Des soldats bien indélicats

Publié le 26 juin 2005 Lecture : 2 minutes.

Reconnus coupables de vol, huit soldats de l’opération Licorne, la force française d’interposition en Côte d’Ivoire, ont été condamnés, le 21 juin, à un an de prison ferme par le tribunal aux armées de Paris. Quatre autres ont écopé de peines allant de deux à quatre mois de prison pour recel. Âgés de 22 à 35 ans, ces hommes du rang étaient poursuivis pour s’être servis dans les coffres d’une banque qu’ils étaient chargés de surveiller, à Man, dans l’ouest de la Côte d’Ivoire, à 570 km d’Abidjan.

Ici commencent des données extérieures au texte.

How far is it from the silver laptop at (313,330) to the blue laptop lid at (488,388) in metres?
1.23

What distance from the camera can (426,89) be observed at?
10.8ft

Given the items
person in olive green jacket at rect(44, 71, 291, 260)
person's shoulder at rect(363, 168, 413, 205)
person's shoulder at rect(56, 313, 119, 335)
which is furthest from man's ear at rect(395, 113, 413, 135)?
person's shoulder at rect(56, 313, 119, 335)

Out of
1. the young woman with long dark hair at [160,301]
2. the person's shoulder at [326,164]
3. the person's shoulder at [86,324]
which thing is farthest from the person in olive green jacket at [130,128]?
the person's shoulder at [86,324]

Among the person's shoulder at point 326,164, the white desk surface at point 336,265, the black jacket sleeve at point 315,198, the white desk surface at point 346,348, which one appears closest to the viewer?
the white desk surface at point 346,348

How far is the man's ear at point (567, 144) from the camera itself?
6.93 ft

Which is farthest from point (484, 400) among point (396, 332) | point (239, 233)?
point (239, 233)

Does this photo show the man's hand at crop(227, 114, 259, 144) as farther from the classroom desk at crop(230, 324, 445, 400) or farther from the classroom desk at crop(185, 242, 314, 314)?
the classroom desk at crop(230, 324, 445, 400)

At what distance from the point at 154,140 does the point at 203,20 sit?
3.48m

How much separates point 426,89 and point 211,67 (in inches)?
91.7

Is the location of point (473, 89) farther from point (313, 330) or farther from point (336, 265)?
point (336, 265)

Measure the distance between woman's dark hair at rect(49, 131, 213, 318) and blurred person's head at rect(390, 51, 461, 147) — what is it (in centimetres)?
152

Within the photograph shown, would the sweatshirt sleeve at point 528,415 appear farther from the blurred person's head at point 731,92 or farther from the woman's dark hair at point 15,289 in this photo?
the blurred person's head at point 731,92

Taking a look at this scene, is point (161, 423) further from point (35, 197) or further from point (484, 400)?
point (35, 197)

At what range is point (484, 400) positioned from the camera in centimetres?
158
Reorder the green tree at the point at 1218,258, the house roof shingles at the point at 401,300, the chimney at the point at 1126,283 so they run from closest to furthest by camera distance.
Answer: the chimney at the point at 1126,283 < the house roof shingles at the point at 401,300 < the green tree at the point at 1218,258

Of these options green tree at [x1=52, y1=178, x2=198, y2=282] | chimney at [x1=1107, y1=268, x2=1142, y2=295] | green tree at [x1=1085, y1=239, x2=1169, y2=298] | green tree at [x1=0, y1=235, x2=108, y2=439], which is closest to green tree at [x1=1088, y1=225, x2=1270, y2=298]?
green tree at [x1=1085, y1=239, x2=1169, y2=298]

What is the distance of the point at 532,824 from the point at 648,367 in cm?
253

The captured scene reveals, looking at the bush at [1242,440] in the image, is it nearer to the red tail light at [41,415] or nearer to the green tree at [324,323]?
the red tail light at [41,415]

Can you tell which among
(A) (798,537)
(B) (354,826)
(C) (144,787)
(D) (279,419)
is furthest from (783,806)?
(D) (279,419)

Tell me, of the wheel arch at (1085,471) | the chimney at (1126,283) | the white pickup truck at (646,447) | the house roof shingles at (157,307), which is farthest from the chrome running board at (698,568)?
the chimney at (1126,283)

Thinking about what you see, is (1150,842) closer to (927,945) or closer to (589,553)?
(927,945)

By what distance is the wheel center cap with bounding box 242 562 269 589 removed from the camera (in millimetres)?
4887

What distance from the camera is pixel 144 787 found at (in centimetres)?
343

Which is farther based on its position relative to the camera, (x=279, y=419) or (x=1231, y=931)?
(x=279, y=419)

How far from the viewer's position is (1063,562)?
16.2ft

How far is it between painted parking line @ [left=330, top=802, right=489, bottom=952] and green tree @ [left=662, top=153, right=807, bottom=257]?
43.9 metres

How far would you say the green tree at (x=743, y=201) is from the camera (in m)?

Dans une sorte de remake du film Mélodies en sous-sol, les douze hommes ont dérobé, entre mai et juin 2004, 220 millions de F CFA (l’équivalent de 337 000 euros). Membres du 40e régiment d’artillerie de Suippes (Marne) et du 503e régiment de chars de Mourmelon, ils étaient arrivés à Man en mai 2004 au sein d’un bataillon chargé de protéger cette ville sous contrôle de la rébellion, épisodiquement éprouvée par des mercenaires infiltrés depuis le Liberia voisin. Ils installent leur QG dans les locaux désaffectés de la succursale locale de la Banque centrale des États de l’Afrique de l’Ouest (BCEAO), pillée en novembre 2002, deux mois après le déclenchement de l’insurrection armée.
Croyant vivre sur des décombres, les douze soldats découvrent très vite le « trésor » qui dort sous leurs pieds, un des leurs s’étant introduit dans la salle des coffres en passant par un conduit d’aération. Ils se servent, mais se trahissent aussitôt par une irrépressible « fièvre acheteuse » (acquisition à tour de bras de caméscopes, téléphones, bijoux…, échange de sommes importantes de francs CFA contre des euros). Ce qui met aussitôt la puce à l’oreille de leurs supérieurs. Après enquête, la hiérarchie les rapatrie le 17 septembre 2004 en France, où ils sont immédiatement placés en détention.
Leur procès connaît d’autant plus de retentissement en Côte d’Ivoire que la présence française y est décriée par les partisans du chef de l’État, Laurent Gbagbo. Comme pour couper l’herbe sous le pied aux détracteurs de ses troupes, la ministre française de la Défense, Michèle Alliot-Marie, est montée au créneau, le 22 juin, pour déclarer les peines « insuffisantes » et demander à son homologue de la Justice « d’examiner la possibilité de faire appel ».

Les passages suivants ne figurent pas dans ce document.